Mittels des sich drehenden Läufersteins (ca. 120-150 U/min je nach Steindurchmesser) erfolgt die Vermahlung des Getreides zwischen Boden- und Läuferstein. Je nach Steinqualität und eingehauener Schärfe (Rillen und Furchen) dienen die verschiedenen Steingänge zum Schroten (1. Vermahlung) oder für die weitere Vermahlung des Getreides.

Ziel ist es, eine möglichst hohe Mehlausbeute zu erreichen. Dies wurde durch ein vorsichtiges Ausmahlverfahren – man spricht von Hochmüllerei – angestrebt. Neben der Schärfe ist auch das Gewicht der Steine von Bedeutung, um entsprechenden Druck ausüben zu können.

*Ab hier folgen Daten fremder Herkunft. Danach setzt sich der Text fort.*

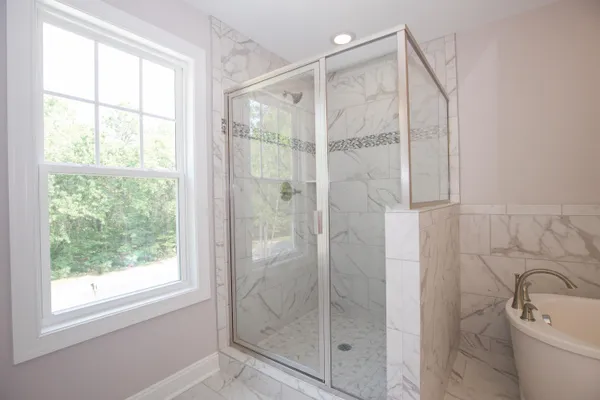 $2,750 | 46 Hampshire Lane, Pinehurst, NC 28374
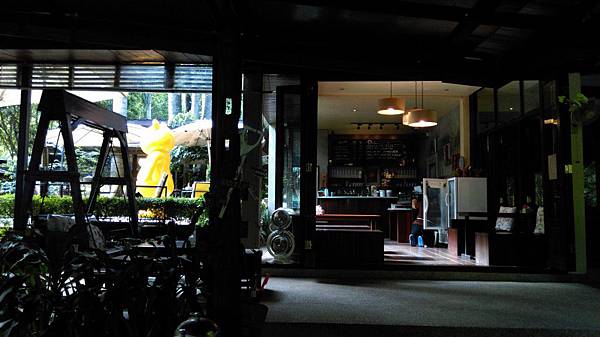 格式工廠IMAG1087.jpg 格式工廠IMAG1087.jpg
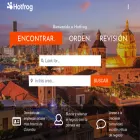 hotfrog.com.co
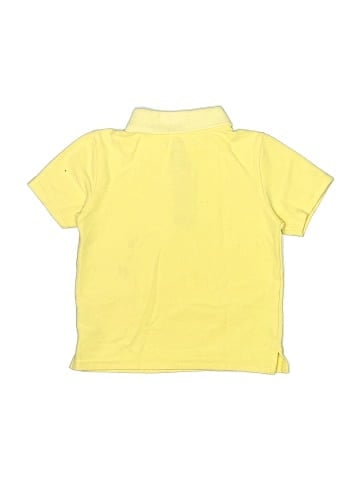 Kids Headquarters Short Sleeve Top (view 2)
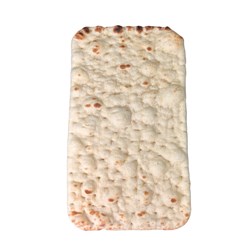 PIZZA SLAB 10" ROMANO 10S # ROMSL SUGO TU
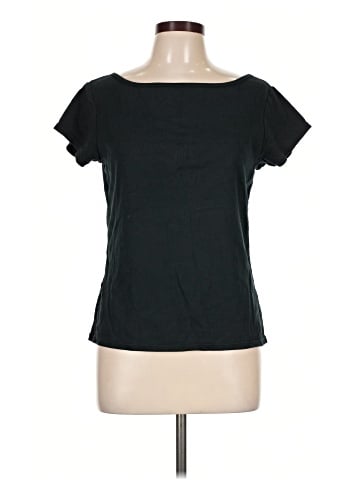 Banana Republic Short Sleeve T-Shirt (view 1)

Mit den ersten brauchbaren Walzenstühlen nach 1873 kamen diese immer mehr in Gebrauch. Über Porzellanwalzen führte der Weg zu geriffelten gusseisernen Walzen bis hin zu Glattwalzen, um eine möglichst hohe Mehlausbeute bei guter Qualität zu erreichen.

 

Sichtmaschinen

Ausschlag gebend für eine hohe Mehlausbeute und für die Erzeugung der gewünschten Mehltype war der 1886 entwickelte Plansichter, ein aus mehreren Siebteilen zusammengesetzter schwingender Kasten, mit dem praktisch das Handsiebprinzip auf mechanisierte Weise wieder Anwendung fand. Die einzelnen Siebteile sind mit Gaze unterschiedlicher Maschenweite bespannt, die jeweilige Feinheit wird vom Müller im Vermahlungsdiagramm bestimmt.

 

 

Elevatoren und Transportschnecken, Aspiration und Filter

Um 1790 wurden erstmals Elevatoren (Becherwerke) und Schnecken für den innerbetrieblichen Mahlguttransport eingesetzt. Damit entfiel das ständige Absacken der Mahlgut-Zwischenprodukte und der kräftezehrende manuelle Transport zwischen den einzelnen Müllereimaschinen. Die Elevatoren, mit Bechern besetzte Endlosbänder, dienten der vertikalen Mahlgutförderung, die Schneckengetriebe wurden für die horizontale Förderung genutzt. Dieser mechanisierte Ablauf steigerte die Produktivität und Effektivität auch kleinster Mühlen enorm und war technologische Voraussetzung für den wirtschaftlichen Einsatz der neu entwickelten Vermahlungs-, Reinigungs- und Sichtmaschinen.

Um die Mühle möglichst frei von Mehlstaub zu halten, sorgte ein Exhaustor für die Absaugung. Das Mehlstaub-Luft-Gemisch wurde durch Schlauchfilter gedrückt, die Luft konnte durch das Gewebe entweichen und das ausgefilterte Mehl durch Abklopfen wieder dem Mahlprozess zugeführt werden. Auch dieses trug zur Erhöhung der Mehlausbeute bei.